Requirement:
Each line from the start of the records through the line containing "tie dye full sleeve shirts" is to be transcribed exactly, and no other line is to be included.

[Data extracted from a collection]
═══

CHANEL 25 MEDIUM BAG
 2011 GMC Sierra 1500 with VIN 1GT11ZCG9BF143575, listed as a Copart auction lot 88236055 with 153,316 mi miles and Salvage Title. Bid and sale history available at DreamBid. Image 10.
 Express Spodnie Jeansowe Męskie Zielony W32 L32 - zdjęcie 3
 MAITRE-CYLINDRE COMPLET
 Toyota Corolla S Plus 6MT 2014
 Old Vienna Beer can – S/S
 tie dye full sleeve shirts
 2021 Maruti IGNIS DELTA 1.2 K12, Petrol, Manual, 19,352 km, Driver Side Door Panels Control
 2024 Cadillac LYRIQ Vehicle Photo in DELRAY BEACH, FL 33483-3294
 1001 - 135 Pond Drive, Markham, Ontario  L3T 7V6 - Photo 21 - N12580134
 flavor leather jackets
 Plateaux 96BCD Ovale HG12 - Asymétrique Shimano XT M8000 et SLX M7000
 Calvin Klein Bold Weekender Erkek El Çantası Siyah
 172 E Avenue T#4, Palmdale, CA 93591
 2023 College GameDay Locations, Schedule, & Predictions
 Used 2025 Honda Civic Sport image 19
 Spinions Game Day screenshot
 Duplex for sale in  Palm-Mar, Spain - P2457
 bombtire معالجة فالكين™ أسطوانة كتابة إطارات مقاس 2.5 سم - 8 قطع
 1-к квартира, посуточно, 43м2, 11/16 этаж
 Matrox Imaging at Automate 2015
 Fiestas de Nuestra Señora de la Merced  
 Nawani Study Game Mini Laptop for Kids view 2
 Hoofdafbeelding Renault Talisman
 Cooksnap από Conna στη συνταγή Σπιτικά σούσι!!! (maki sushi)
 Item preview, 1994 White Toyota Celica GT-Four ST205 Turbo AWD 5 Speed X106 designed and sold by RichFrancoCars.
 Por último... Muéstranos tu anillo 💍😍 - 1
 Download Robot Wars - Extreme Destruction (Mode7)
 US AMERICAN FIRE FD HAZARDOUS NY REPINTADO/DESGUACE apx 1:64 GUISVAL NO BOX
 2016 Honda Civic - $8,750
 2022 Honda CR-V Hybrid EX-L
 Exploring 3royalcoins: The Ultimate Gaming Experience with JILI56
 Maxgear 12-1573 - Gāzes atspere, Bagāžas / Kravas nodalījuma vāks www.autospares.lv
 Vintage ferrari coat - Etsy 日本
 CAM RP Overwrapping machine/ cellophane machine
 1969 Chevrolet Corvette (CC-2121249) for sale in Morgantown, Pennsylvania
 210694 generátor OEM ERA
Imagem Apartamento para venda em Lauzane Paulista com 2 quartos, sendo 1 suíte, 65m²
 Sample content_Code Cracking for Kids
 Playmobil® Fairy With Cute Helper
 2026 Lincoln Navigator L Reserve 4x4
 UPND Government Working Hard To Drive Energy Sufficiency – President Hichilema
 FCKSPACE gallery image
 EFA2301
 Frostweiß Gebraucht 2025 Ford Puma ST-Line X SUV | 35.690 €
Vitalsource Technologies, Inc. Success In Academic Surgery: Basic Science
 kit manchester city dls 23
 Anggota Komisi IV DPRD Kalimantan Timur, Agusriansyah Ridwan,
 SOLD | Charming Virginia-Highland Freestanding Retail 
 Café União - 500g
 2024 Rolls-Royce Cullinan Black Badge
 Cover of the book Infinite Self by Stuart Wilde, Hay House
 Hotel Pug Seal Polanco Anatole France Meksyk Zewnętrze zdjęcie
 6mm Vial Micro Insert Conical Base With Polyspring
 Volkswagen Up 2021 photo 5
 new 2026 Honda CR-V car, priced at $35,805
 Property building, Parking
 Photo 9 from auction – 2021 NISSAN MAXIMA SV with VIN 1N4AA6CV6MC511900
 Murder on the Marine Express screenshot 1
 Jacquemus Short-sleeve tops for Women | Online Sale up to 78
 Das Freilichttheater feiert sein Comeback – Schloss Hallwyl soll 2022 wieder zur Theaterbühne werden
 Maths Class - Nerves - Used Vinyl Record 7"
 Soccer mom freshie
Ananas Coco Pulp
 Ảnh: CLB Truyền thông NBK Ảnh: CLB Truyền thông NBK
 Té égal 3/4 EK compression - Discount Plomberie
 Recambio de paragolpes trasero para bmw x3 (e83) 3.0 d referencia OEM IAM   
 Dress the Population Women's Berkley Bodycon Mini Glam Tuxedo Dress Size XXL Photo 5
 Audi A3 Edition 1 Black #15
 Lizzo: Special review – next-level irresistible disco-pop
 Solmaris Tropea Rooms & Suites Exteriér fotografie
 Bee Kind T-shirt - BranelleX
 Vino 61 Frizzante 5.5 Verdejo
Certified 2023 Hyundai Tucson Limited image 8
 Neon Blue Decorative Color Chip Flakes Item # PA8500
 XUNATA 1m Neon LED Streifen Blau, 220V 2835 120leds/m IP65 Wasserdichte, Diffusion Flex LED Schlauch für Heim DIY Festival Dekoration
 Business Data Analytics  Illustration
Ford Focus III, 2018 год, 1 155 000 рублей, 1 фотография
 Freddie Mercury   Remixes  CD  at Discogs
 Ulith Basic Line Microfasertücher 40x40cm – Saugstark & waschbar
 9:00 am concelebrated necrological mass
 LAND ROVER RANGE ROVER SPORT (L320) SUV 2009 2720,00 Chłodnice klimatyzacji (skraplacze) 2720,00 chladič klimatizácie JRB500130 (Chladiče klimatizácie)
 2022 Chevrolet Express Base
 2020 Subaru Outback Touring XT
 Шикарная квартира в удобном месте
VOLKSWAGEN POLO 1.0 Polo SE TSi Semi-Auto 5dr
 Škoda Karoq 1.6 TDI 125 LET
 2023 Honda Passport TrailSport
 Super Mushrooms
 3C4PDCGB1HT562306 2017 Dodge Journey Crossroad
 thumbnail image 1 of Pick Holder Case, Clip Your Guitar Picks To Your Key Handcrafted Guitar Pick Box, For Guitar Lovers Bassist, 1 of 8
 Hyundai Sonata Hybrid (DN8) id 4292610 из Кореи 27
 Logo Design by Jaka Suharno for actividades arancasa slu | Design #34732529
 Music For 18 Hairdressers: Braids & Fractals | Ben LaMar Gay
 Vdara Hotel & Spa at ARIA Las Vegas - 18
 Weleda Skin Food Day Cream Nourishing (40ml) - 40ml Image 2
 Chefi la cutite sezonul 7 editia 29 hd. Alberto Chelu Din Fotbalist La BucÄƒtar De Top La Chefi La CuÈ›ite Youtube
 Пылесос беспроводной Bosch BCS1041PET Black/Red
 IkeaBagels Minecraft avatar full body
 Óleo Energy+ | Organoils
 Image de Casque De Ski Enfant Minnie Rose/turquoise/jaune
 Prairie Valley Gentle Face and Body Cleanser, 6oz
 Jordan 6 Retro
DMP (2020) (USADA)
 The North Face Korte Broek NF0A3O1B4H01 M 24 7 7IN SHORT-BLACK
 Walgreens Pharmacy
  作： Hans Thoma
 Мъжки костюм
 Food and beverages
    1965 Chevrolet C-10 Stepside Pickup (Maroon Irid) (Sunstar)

═══

Written answer:
CHANEL 25 MEDIUM BAG
 2011 GMC Sierra 1500 with VIN 1GT11ZCG9BF143575, listed as a Copart auction lot 88236055 with 153,316 mi miles and Salvage Title. Bid and sale history available at DreamBid. Image 10.
 Express Spodnie Jeansowe Męskie Zielony W32 L32 - zdjęcie 3
 MAITRE-CYLINDRE COMPLET
 Toyota Corolla S Plus 6MT 2014
 Old Vienna Beer can – S/S
 tie dye full sleeve shirts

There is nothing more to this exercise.